Gibbs knocks down Palin's charge that Obama's response to oil spill is connected to donations

This morning on Fox News Sunday, Sarah Palin suggested there may be a “connection” between President Obama “taking so doggone long” to respond to the oil spill and “contributions” to his administration from oil companies:

PALIN: Well, I think that there is, perhaps, a hesitancy, to -- I don't really know how to put this, Chris, except to say that the oil companies who have so supported President Obama in his campaign and are supportive of him now, I don't know why the question isn't asked by the mainstream media and by others if there's any connection with the contributions made to President Obama and his administration and the support by the oil companies to the administration -- if there's any connection there to President Obama taking so doggone long to get in there, to dive in there and grasp the complexity and the potential tragedy that we are seeing here in the Gulf of Mexico.

Now if this was President Bush or if this were a Republican in office who hadn't received as much support even as President Obama has from BP and other oil companies, you know the mainstream media would be all over his case in terms of asking questions, why the administration didn't get in there -- didn't get in there and make sure that the regulatory agencies were doing what they were doing with the oversight to make sure that things like this don't happen.

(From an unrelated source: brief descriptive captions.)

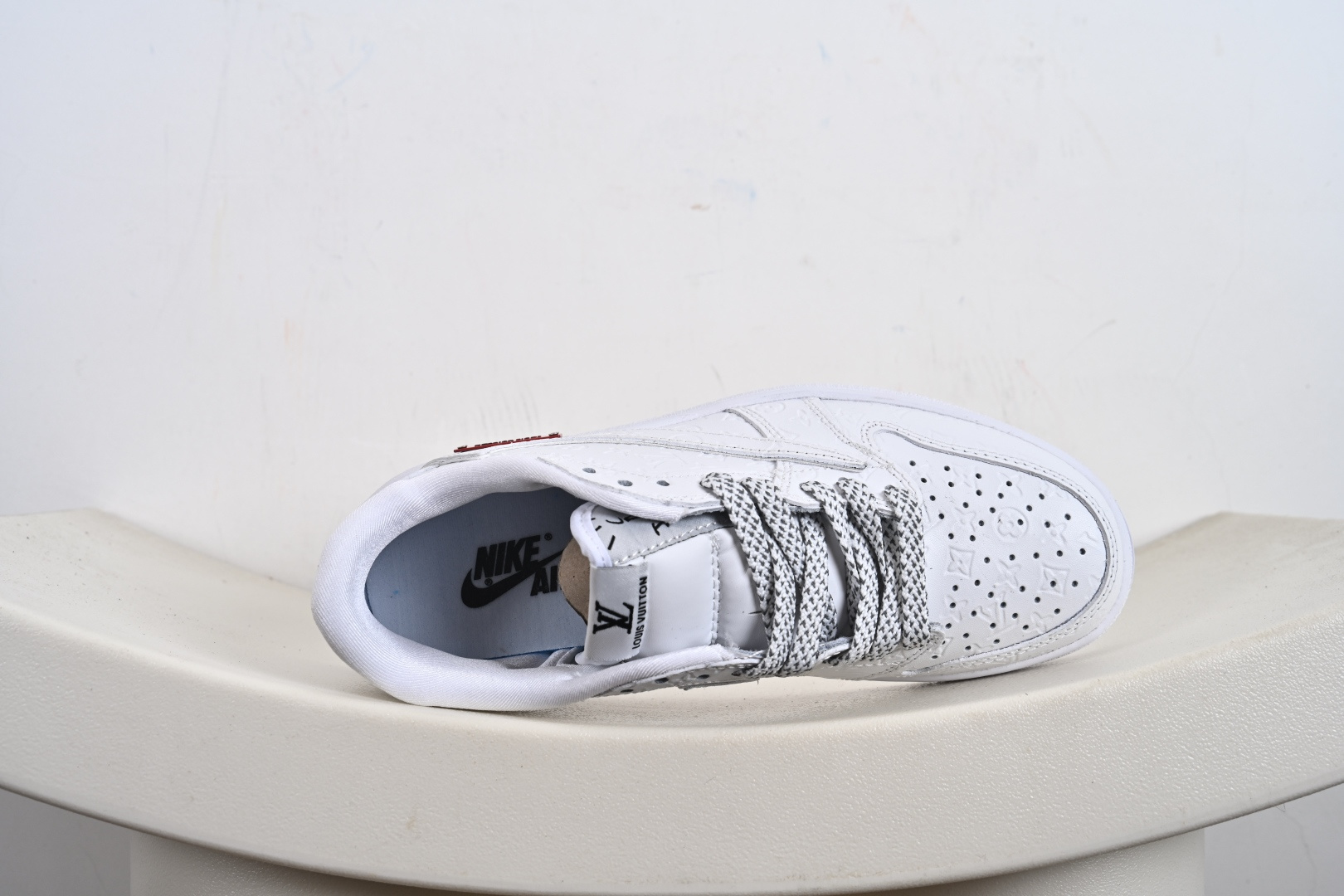 Travis Scott x Fragment Design x Jordan Air Jordan 1 Low OG SP “路易威登LV联名---纯白LV倒钩立体印花” XS2025-076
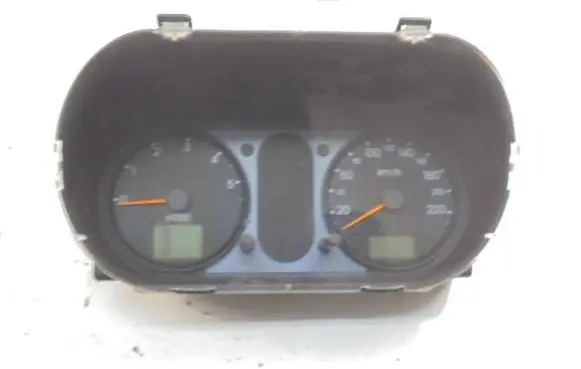 Ford Fusion Speedometer (instrument cluster) 2S6F10849NE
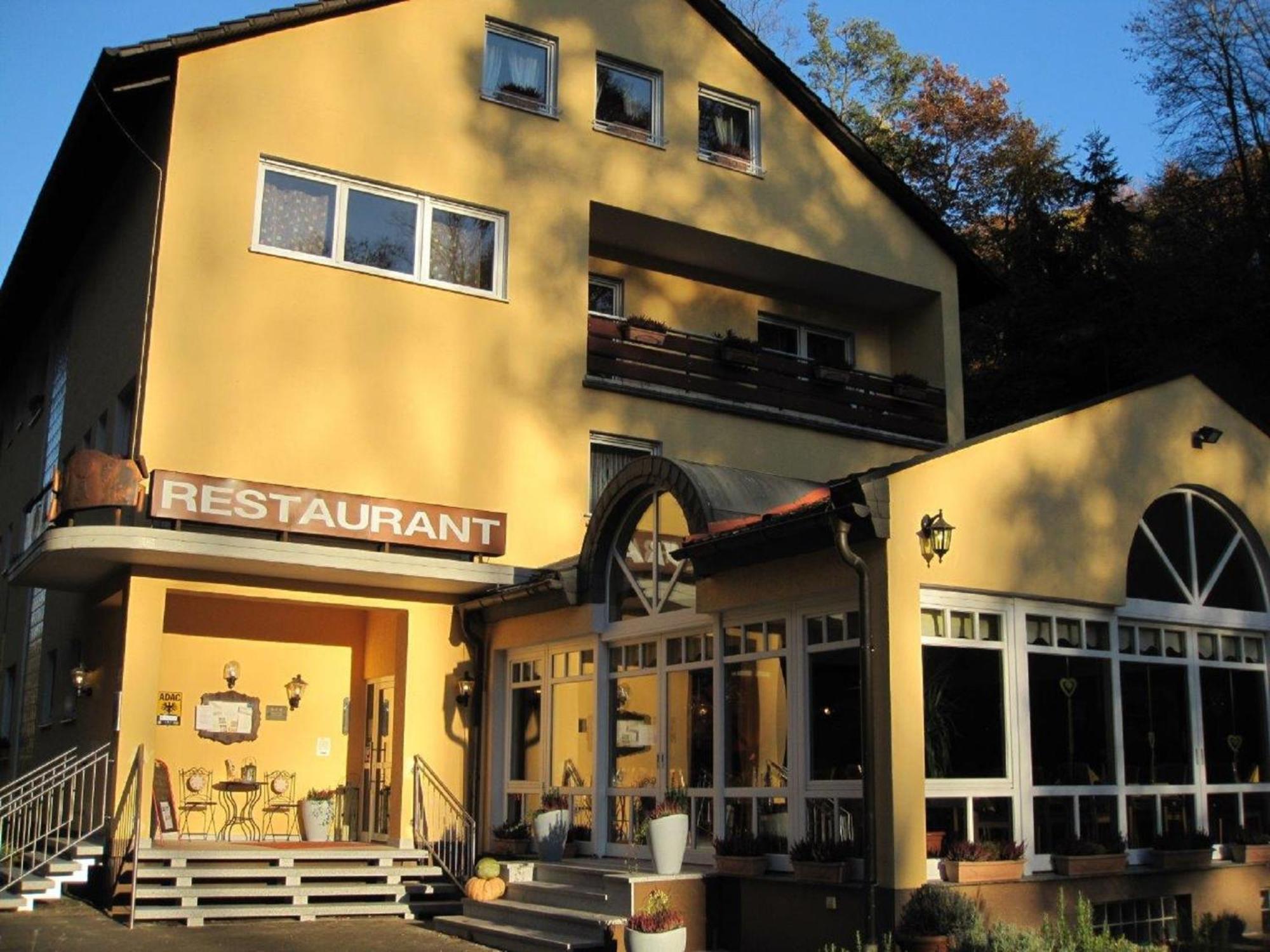 Hotel Goldbaechel Wachenheim an der Weinstraße Zewnętrze zdjęcie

Shortly after, on CBS' Face the Nation, White House press secretary Robert Gibbs stressed that the administration had responded “immediately” to the spill and rejected Palin's charge:

GIBBS: I'm almost sure that the oil companies don't consider the Obama administration a huge ally. We proposed a windfall profits tax when they jacked their oil prices up to charge more for gasoline. My suggestion to Sarah Palin would be to get slightly more informed as to what's going on in and around oil drilling in this country.